La présente circulaire a été élaborée après consultation du Comité interministériel sur les ESST (CIESST), du Conseil supérieur d'hygiène publique de France (CSHPF) et du Comité technique national des infections nosocomiales (CTIN). Elle complète et remplace la circulaire DGS/DH n° 100 du 11 décembre 1995, à l'exception du chapitre 6 relatif aux situations particulières dont les dispositions, concernant les accidents professionnels et l'anatomopathologie, restent applicables (pour cette dernière et les laboratoires de biologie, une actualisation des recommandations paraîtra ultérieurement). Elle tient compte des difficultés d'application signalées depuis la parution de la circulaire DGS/DH n° 100 du 11 décembre 1995. Elle modifie également la circulaire n° 236 en ce qui concerne le traitement préliminaire ainsi que le produit désinfectant de référence pour les endoscopes utilisés dans un acte à risque comportant un contact avec les formations lymphoïdes. Elle comporte 8 fiches techniques qui actualisent les principes de gestion visant à réduire le risque de transmission des agents non conventionnels lors des actes nécessitant des dispositifs médicaux recyclables stérilisés ou désinfectés. Elle demande la mise en œuvre du plus haut niveau de précaution compatible avec le dispositif médical utilisé, en fonction des caractéristiques du patient, de l'acte et du tissu concerné. Ainsi, elle préconise l'usage unique pour tout matériel en contact avec les tissus à risque, dès lors que la qualité et la sécurité des soins sont assurées. Lorsque le recours à du matériel à usage unique n'est pas possible, elle recommande, en tenant compte de la nature de l'acte, du tissu concerné et du niveau de risque du patient, de traiter le matériel par le procédé d'inactivation des ATNC le plus efficace qu'il puisse supporter. Ces recommandations seront réévaluées et adaptées en fonction de l'évolution des connaissances scientifiques.

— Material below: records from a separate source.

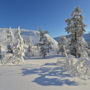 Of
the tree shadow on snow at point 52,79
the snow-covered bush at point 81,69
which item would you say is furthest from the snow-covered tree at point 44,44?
the snow-covered bush at point 81,69

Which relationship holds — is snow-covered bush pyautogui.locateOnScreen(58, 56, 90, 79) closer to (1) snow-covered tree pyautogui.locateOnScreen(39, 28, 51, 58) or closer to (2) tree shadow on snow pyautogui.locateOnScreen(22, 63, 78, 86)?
(2) tree shadow on snow pyautogui.locateOnScreen(22, 63, 78, 86)

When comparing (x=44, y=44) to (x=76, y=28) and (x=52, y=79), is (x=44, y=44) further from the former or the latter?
(x=52, y=79)

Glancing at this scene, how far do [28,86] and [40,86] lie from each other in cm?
62

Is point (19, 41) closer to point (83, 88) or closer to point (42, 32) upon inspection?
point (42, 32)

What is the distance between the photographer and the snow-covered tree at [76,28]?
15.5 meters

Il convient que les professionnels engagent dès à présent un processus d’adaptation des procédures et du matériel spécifiques à chaque domaine d'exercice, conformément aux principes énoncés dans les fiches techniques de la circulaire. Il leur est demandé d'établir des protocoles écrits mettant en application ces principes (ou de les réviser) en tenant compte de l'évolution des dispositifs et des produits dont ils disposent.

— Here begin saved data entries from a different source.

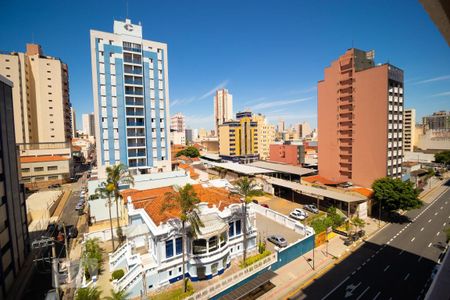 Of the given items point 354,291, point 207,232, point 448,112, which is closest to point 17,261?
point 207,232

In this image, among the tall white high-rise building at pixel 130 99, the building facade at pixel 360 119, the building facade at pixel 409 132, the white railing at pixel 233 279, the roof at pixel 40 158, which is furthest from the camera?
the building facade at pixel 409 132

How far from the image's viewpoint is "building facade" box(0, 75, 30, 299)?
29.5 metres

Ils pourront s’appuyer sur les recommandations spécifiques à certaines pratiques, à certains secteurs ou à certaines procédures, produites par les centres de coordination de la lutte contre les infections nosocomiales et le CTIN en liaison avec les sociétés savantes. Les protocoles seront établis et le choix du matériel effectué en relation avec le comité de lutte contre les infections nosocomiales, l’équipe opérationnelle d’hygiène et le pharmacien qui veilleront, notamment, avec le responsable de l’établissement, à ce que les conditions de mise en œuvre de cette circulaire soient réunies. Ce dernier veillera en particulier à la coordination des professionnels concernés et à la bonne information des personnels chargés de la désinfection et de la stérilisation des dispositifs médicaux. Des procédures de contrôle interne de l'application des protocoles devront être définies et mises en œuvre. Par ailleurs, la mutualisation des ressources au sein d’un même établissement, ainsi que la coopération entre établissements, devront également être favorisées.
Si l’émergence de ce nouveau risque conduit à rappeler aux professionnels de santé qu'il est impératif de respecter strictement les indications des actes invasifs (que ce soit à visée thérapeutique, diagnostique ou préventive), il ne saurait justifier le refus de soins ou d'explorations qui seraient nécessaires aux patients.
L'Agence française de sécurité sanitaire des produits de santé (AFSSAPS) procède à un bilan des dispositifs médicaux existants au regard des principes de réduction du risque de transmission des ATNC énoncés dans cette circulaire, notamment des produits désinfectants et des stérilisateurs. Elle pourra, le cas échéant, inciter les fabricants au développement de produits conformes à ces principes et elle pourra également être amenée à interdire certains dispositifs médicaux réutilisables.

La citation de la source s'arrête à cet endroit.